Par ailleurs, le Président Jacques CHIRAC usa de toutes ses influences et de ses réseaux en 2002 pour imposer au peuple malien ATT dont les traits de caractères ont été déterminants dans son choix : personnalité indécise, furtive, irresponsable, complexée, sans parole d’honneur, et aimant le double jeu. C’est dire que la France a voulu un président qu’elle peut manipuler à sa guise. Toutes choses qu’elle n’a pas eues avec les présidents Modibo KEITA, le Général Moussa TRAORE et Alpha Oumar KONARE.

Les traits de caractère d’ATT confirment par ailleurs les propos d’Alpha Condé, Président du Rassemblement du Peuple de Guinée (RPG), à savoir que «la France a un gros défaut : elle n’aime pas les intellectuels.
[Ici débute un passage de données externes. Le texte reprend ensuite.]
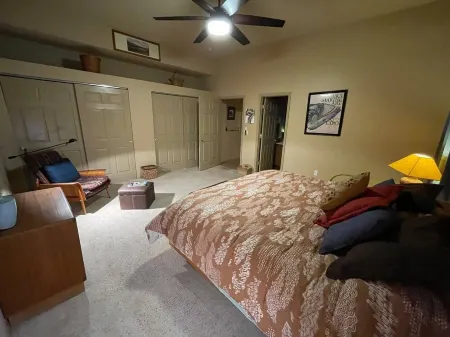 "Casa de Maíz" centrally located - close to NMSU Отели рядом с достопримечательностью «Museum of Nature & Science»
Elle préfère des gens comme Bokassa et Mobutu, des gens qu’elle peut manipuler. » (Jeune Afrique Intelligent N°2373 du 2 au 8 juillet 2006).

Après trois mois d’exercice du pouvoir, le nouveau président se rend en France pour y prendre ses ordres et remercier cette dernière dont il estime être parmi les privilégiés («il n’est pas donné à tous les chefs d’Etat d’être reçus à l’Elysée après seulement 100 jours d’exercice du pouvoir »).
« En décidant de revenir au pouvoir, le Président ATT a oublié qu’il n’avait pas le profil de la situation. Parce que n’ayant pas l’étoffe et la fermeté d’un Moussa TRAORE, ni l’habileté et le pragmatisme d’un Alpha Oumar KONARE. Des qualités indispensables pour bien tenir le gouvernail. » (Le Challenger, N°193, du 4 août 2005).
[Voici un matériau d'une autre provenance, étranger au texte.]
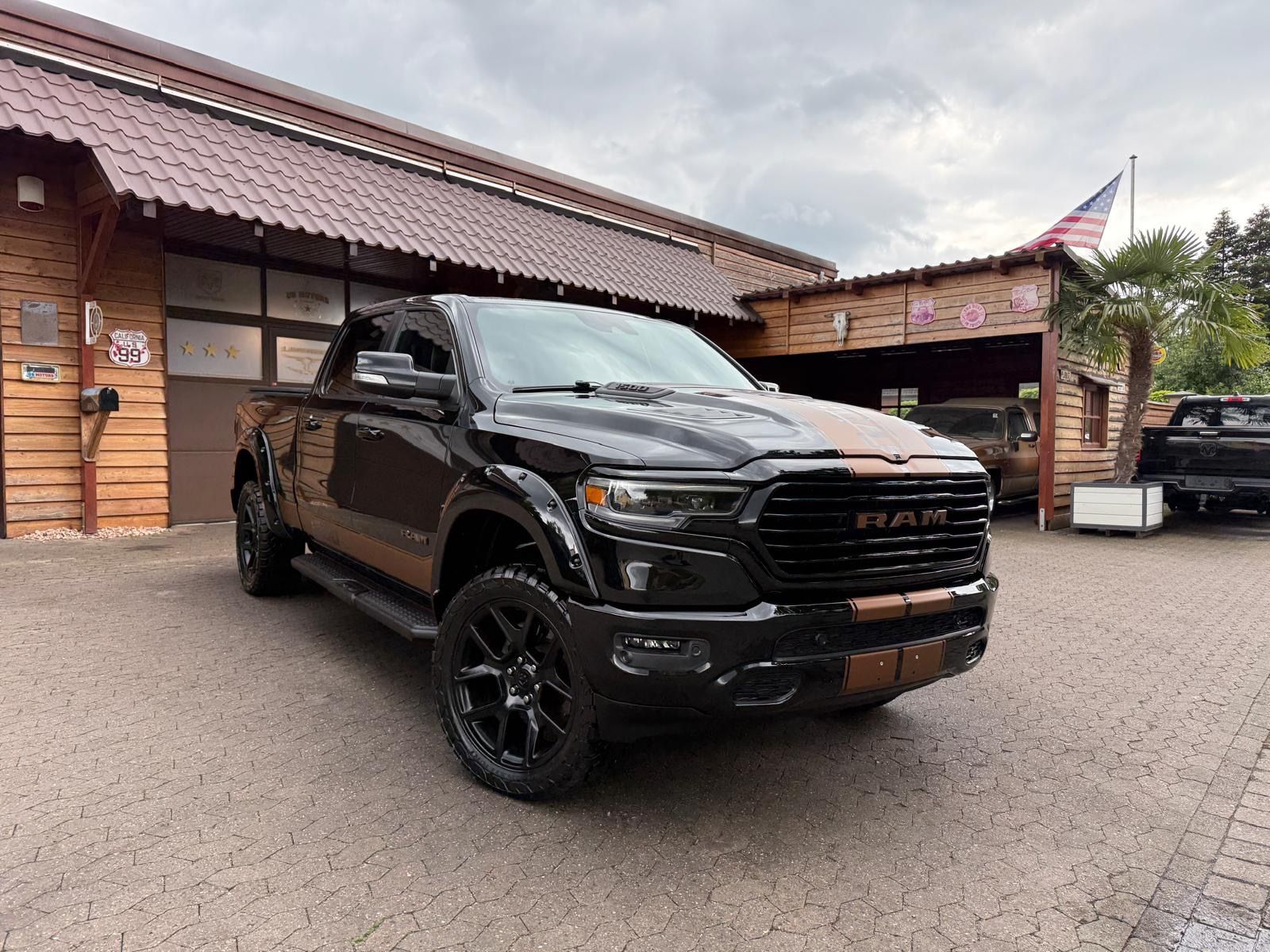 Dodge LARAMIE*OFFROAD*LONG*LIFT*AHK*NAVI*LED*GARANTIE*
Ce rôle de «marionnette du Président ATT » est toujours d’actualité. Pour preuve, après le refus d’autres pays africains de la phase expérimentale du visa biomé-trique français, c’est le Mali d’ATT qui l’a accepté.

Par ailleurs, le Mali d’ATT n’a-t-il pas été le premier pays visité par le Ministre français de l’Intérieur, Nicolas SARKOZY, le jour où sa loi, qui durcit les conditions d’entrée et de séjour des étrangers en France, passait devant l’Assemblée Nationale de ce pays ?
Avec le Président ATT, le Mali ne s’est-il pas transformé en laboratoire d’expérimentation de la politique d’immigration de la France ? On remarque que contrairement au Président sénégalais, Abdoulaye WADE, le Président ATT se montre incapable de défendre les intérêts de nombreux immigrés maliens en France.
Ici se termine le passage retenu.